Откровенная враждебность после инцидентов насилия в отношении индуистских меньшинств в Бангладеш и ирредентистская риторика бангладешских политиков, стремящихся к слиянию бывшей колониальной Бенгалии (территории, охватывающей Бангладеш, а также Западную Бенгалию, Бихар и Ориссу в Индии), как сообщается, ухудшили отношения между Нью-Дели и Даккой. В то время как внутренняя политика Индии уже создала сильную риторику против бангладешцев с постоянно растущим страхом, что бангладешские мигранты посягают на физическое и политическое пространство, рабочие места, землю, пользуются социальными пособиями, предоставляемыми государством, и оказывают чрезмерное давление на инфраструктуру.
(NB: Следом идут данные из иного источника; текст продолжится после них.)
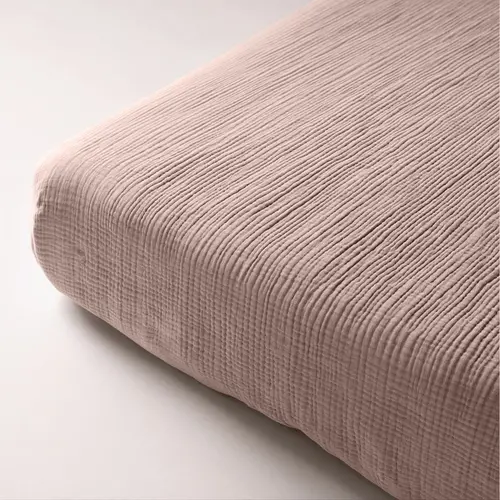 Dreamhouse Hoeslaken Mousseline Blush Roze - 100% katoen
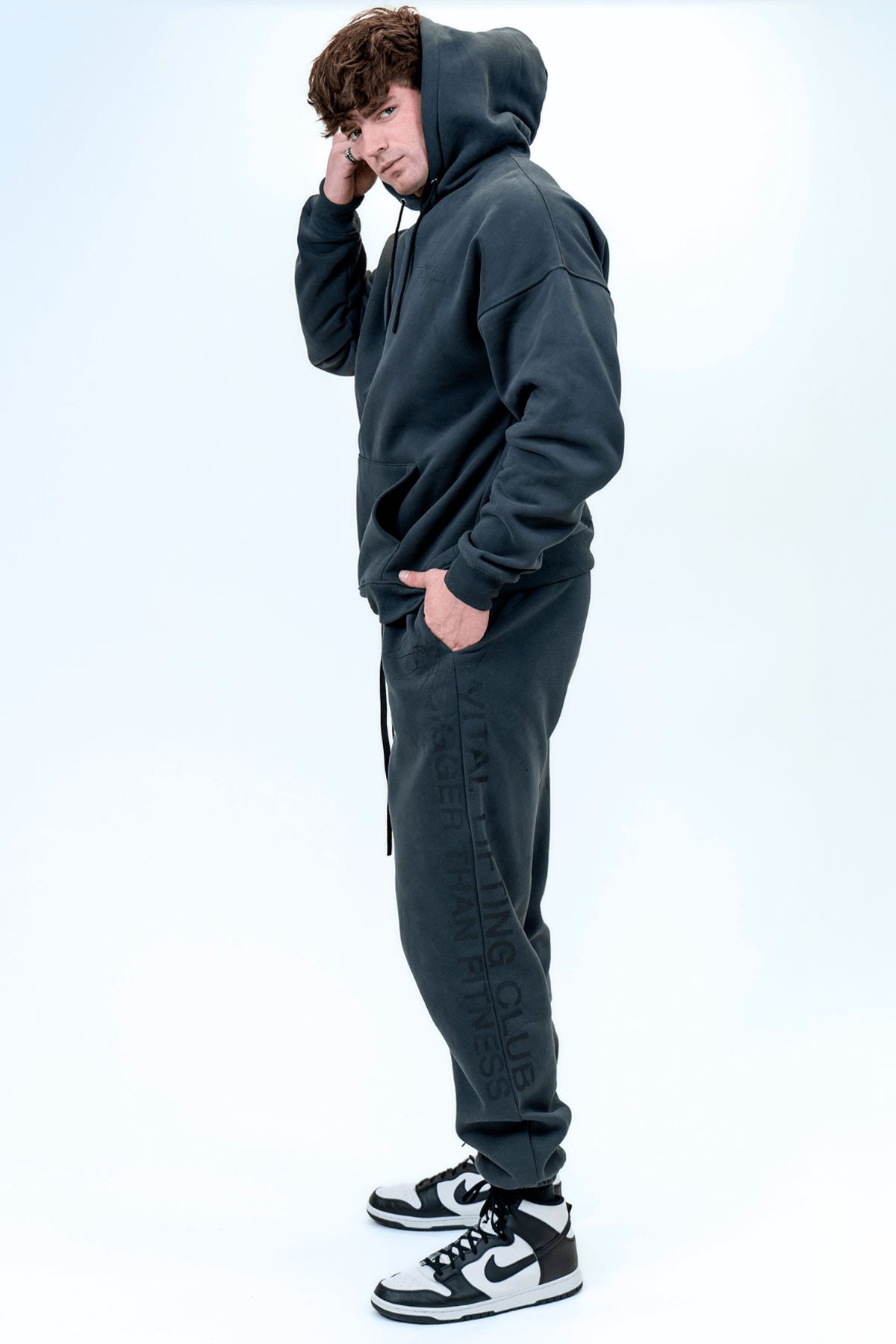 Relentless Oversized Heavyweight Hoodie - Grunge Gray - VITAL APPAREL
Напряженность в отношениях между Индией и Бангладеш, как утверждается, только усилила антибангладешскую риторику и нарративы среди индийской общественности. В то же время бангладешские элиты, вместо того чтобы признать и решить подлинную озабоченность по поводу безопасности меньшинств, стремились отрицать эти проблемы, называя их простой индийской дезинформацией и пропагандой индийских СМИ, направленной на дискредитацию подлинности студенческих протестов и вновь сформированного временного правительства, которое критически настроено по отношению к Индии. Массовая истерия, взаимное недоверие и агрессия, которая часто угрожает ответными действиями, вызывают озабоченность в обеих странах, особенно с учетом того, что как мигранты, так и меньшинства остаются уязвимой категорией в принимающих странах.
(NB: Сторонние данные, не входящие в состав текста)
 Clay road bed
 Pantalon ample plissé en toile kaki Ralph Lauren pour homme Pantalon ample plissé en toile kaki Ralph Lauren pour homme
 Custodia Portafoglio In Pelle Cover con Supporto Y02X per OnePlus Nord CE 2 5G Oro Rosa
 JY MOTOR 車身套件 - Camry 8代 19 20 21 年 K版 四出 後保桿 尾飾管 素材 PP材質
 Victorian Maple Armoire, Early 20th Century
Сообщается, что правительство Бангладеш все чаще требует экстрадиции Хасины, которая, бежав из страны, нашла убежище в Индии, что стало еще одним поводом для конфронтации. В то время как участие Китая в порту Читтагонг уже вызывало дискомфорт у Индии, угрожая морской безопасности в Бенгальском заливе, рост БНП как наиболее важной партии во временной коалиции (партии, которая, по мнению Нью-Дели, более симпатизирует Китаю), а также постоянные и быстрые дипломатические усилия Пекина по умиротворению Дакки, оставляют место для усиления китайского влияния в Южной Азии, подталкивая Индию к более осторожному подходу к временному правительству.
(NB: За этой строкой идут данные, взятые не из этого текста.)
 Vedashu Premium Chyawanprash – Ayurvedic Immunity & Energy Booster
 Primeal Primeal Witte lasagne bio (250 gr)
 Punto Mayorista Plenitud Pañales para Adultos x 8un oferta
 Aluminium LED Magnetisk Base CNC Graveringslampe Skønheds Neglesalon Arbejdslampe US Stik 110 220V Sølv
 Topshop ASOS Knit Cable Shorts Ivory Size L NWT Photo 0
Южная Азия, как сообщается, потрясена серией кризисов, когда старые проблемы возрождаются в новых формах. Будь то подъем режима талибов в Афганистане после вывода американских войск в 2021 году, экономический спад и смещение династии Раджапакша после массовых протестов в Шри-Ланке, смещение, тюремное заключение и покушение на премьер-министра Имрана Хана в Пакистане и поддерживаемый военными режим Шарифа, или политическая нестабильность в Непале. Изменения в Южной Азии, как утверждается, демонстрируют общий глобальный отпор демократическим лидерам в 2024 году. Всплеск массового недовольства делает Бангладеш примером того, как национальные движения не только оказывают внутреннее воздействие, но и имеют международные последствия для безопасности человека и региона.